1. Write first, edit later
One of my best creative writing teachers once said, “Don’t write with the editor in you over your shoulder.” I think listening to that piece of advice has really helped me be a better writer. Nothing is more damaging to your writing than to edit yourself as you go. If you are constantly revising each sentence just as you finish it, you will disrupt your flow and lose track of the direction you’re going in. If you write first, and go back to edit later, you can get all of your creative and uncensored thoughts down as they come to you, even if they’re sloppy. You might have a fantastic sentence in your head, but if you go back to reread rather than let it all come out at once, you can lose it. Writing and editing are two entirely different processes — they should never happen simultaneously.

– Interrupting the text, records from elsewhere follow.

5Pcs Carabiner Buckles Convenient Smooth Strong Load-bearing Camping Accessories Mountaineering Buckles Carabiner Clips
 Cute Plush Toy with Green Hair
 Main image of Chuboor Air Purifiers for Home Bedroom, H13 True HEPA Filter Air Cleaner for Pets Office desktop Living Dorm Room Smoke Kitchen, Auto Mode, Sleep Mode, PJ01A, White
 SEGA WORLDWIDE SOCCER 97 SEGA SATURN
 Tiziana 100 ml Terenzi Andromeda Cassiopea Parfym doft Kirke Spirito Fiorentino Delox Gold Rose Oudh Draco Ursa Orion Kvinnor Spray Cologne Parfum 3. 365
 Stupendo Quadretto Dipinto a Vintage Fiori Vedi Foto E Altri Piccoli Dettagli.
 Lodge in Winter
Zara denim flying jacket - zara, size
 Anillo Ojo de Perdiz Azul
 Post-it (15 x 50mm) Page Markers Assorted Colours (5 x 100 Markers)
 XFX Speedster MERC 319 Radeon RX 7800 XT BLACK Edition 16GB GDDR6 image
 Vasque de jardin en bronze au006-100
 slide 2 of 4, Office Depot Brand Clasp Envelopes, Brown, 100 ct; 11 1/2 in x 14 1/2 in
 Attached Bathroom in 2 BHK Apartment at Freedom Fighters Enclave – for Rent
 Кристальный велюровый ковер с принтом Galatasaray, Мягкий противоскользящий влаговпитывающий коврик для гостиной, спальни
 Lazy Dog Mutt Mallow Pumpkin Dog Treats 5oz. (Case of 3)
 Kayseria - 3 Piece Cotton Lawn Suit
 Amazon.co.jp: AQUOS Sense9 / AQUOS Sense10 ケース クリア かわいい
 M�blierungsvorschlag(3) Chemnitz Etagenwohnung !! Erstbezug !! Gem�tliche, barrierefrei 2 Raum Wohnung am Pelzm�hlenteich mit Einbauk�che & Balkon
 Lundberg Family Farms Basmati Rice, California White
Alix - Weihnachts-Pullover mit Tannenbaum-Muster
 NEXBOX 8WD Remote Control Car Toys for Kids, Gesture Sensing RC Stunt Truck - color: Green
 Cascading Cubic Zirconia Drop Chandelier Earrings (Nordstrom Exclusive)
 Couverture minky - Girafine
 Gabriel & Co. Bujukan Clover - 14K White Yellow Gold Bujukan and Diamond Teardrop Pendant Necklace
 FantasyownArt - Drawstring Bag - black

A good writer is always observant; they note details around them that others would usually overlook. In order to exercise your awareness of what’s around you, people-watch and write whenever you have the chance. This will help you become more descriptive when it comes to characters, settings, and their descriptions. When you’re writing a character, whether they are fictional or nonfictional, it is easy to describe some simple details and leave it at that. They had brown hair, blue eyes, a soft voice. But if you begin to make character sketches of people who you physically observe, it will arm you with even more descriptions. Whenever I became bored at my job, I would take out my notebook and write a character sketch of someone in the office I encountered on a daily basis. It helped me notice things I never would have if I didn’t stop and write it down, and it helped expand my illustrations for characters.
3. Cut down on adverbs
It can be painful to read some of my older writing because there is always an adverb in every other sentence… which is just absurd. 98% of the time adverbs are unnecessary. “He crept sneakily.” – Just saying he crept is enough to suggest he did so in a sneaky manner. “He whispered softly.” – If he’s whispering, it’s probably soft. I still find myself adding more than I should at times, but after finishing a piece, I always go back through and delete well over half of the adverbs I included. Too many adverbs just make writing sound juvenile and weaken the emphasis you need.
4. Break the rules
“Anyone who lives within their means suffer from a lack of imagination.” – Oscar Wilde
Yes, you can break the rules of the English language in your writing *gasp*. It can seem like a difficult thing to grasp, let alone try, because we have had grammar rules seared into our brains since the moment we started speaking. But you can, and should, break them to make your writing more effective. Some pieces of writing need run-on sentences to add stress and urgency. Some need fragments. You can start a sentence with ‘But’. Or ‘And’. A paragraph can be a single sentence. Or two hundred sentences. Have fun and be creative. Think about how boring poems by E.E. Cummings would be if he didn’t constantly break the standards of the English language. The better handle you have on grammar and syntax, the more successfully you’ll be able to.
5. Read. A lot.
You should always be reading. If there is someone who claims they are a writer but don’t really read, they are full of shit. Wouldn’t you expect professional football players to watch football? Or professional chefs to eat food? Obviously writing every day, or as often as possible is very important. Constant practice is always imperative when perfecting any type of skill. But reading will help in more ways than you may realize. If there’s a style you admire, try it. Explore genres and authors. One of my creative writing teachers said she could tell very easily through my writing that I read a lot, because I have a strong sense of plot movement, narrative changes, etc. I became so familiar with so many aspects of writing just from reading, it naturally became a part of how I constructed my own pieces. Read anything and everything.